Not in the sense of “how to write a good prompt,” “which app to download,” or “where to generate text, images, or videos.” What interests me is the depth: what makes artificial intelligence truly intelligent; how neural networks are structured; how a model is trained; what machine learning really is; how data becomes decisions; where the boundary lies between algorithm, intelligence, thinking, and creativity; and how AI is changing the very nature of human activity.

Recently, I wrote that in June 2026 I will be attending a week-long Philosophy of AI school in Venice, and in August 2026, a specialized Oxford course on AI and Applied Data Science. Today I want to share another important step: I have completed two Oxford courses in artificial intelligence — AI Concepts: Practical Applications and AI Concepts: Introduction to Machine Learning.

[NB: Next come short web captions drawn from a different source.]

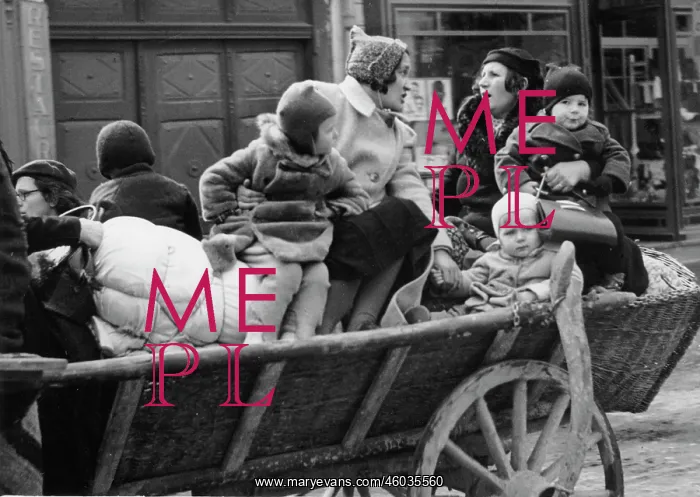 : Ruthenian refugee family : Ruthenian refugee family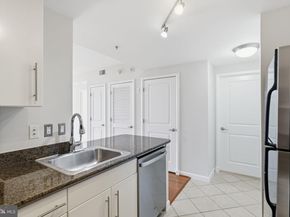 1021 N Garfield Street 812, Arlington VA 22201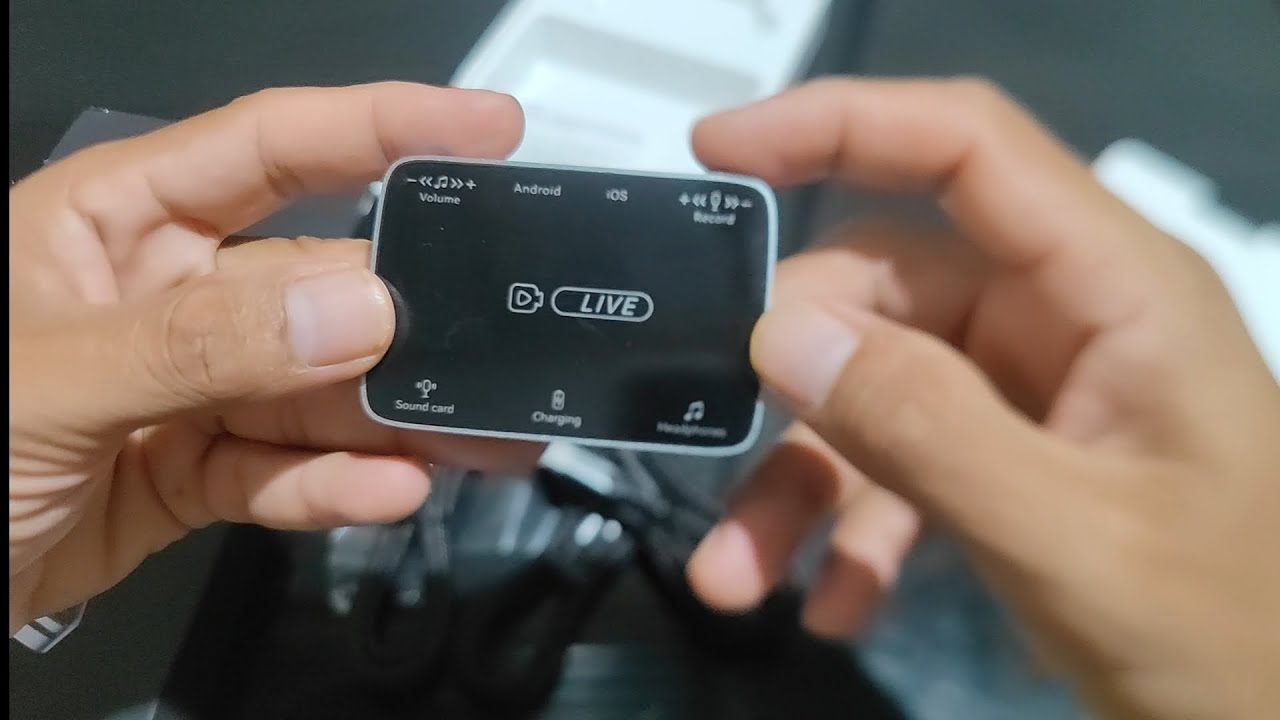 Live streaming dock MOPAI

I’ll be honest: on the one hand, this field is drawing me in more and more deeply. On the other hand, finding time for serious, thoughtful study is not easy. But that time has to be found. Because today, whatever we do, whatever profession, industry, or business we are in, we can no longer afford the luxury of remaining superficial users of artificial intelligence.

Many people think that mastering AI means knowing how to write prompts, being familiar with a few popular services, and downloading a couple of apps from the App Store or Google Play. The ability to write prompts is a useful skill. But it is only the entry level, not a true understanding of artificial intelligence.

We need another level: the level of understanding, of the architect, of the co-creator. The level of a person who understands not only what to click, but what is happening inside the system, what logic it follows, what limitations it has, where it amplifies human beings, and where it quietly begins to replace them. Because if we treat AI merely as a toy for generating texts, images, and videos, we risk becoming among those whose functions AI will be able to automate first.

But if we preserve our own depth, uncover our innate genius, and amplify it through artificial intelligence, neural networks, algorithms, machine learning, and intelligent systems, something entirely different happens. We do not disappear against the background of machines. We become stronger. Our thinking is amplified, our speed of work increases, our creative power expands, and our ideas find new forms of expression.

Millions of people around the world now risk getting stuck at the superficial level of interacting with AI. They are mastering the level of the AI user. But the future will belong to those who move to the level of the AI thinker, AI strategist, AI architect, and AI creator — the person who does not merely use the tool, but understands its nature and knows how to connect it with their own depth.

What do you think about this? What are you already doing in this direction?